WHAT THIS TASK INVOLVES: Strip the pictures and reproduce the rest of the listing exactly.
[DATA EXTRACT Boundary: Start]
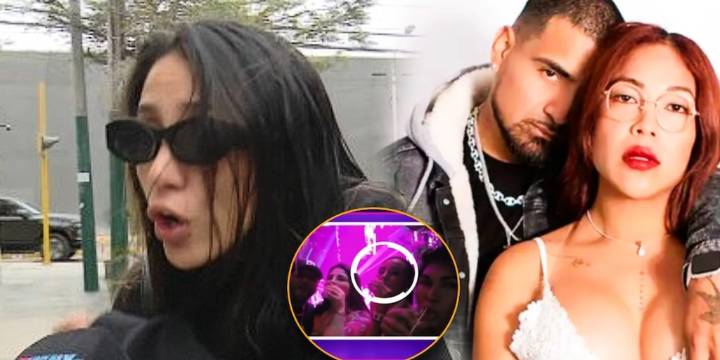 Samahara Lobatón minimiza al ex de Dayanita tras coincidir en discoteca: “No sabía ni quién era, sale con mi amigo”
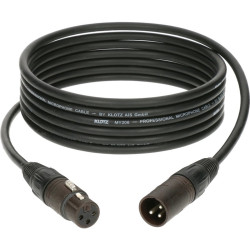 Микрофонен кабел канон-канон Klotz M1FM1K0750 7,5 метра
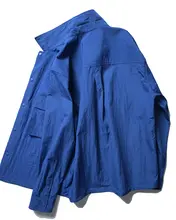 春夏用速乾撥水抗菌防止服ジャケット【男性用・日焼け対策】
[DATA EXTRACT Boundary: End]
WRITTEN ANSWER:
 Samahara Lobatón minimiza al ex de Dayanita tras coincidir en discoteca: “No sabía ni quién era, sale con mi amigo”
 Микрофонен кабел канон-канон Klotz M1FM1K0750 7,5 метра
 春夏用速乾撥水抗菌防止服ジャケット【男性用・日焼け対策】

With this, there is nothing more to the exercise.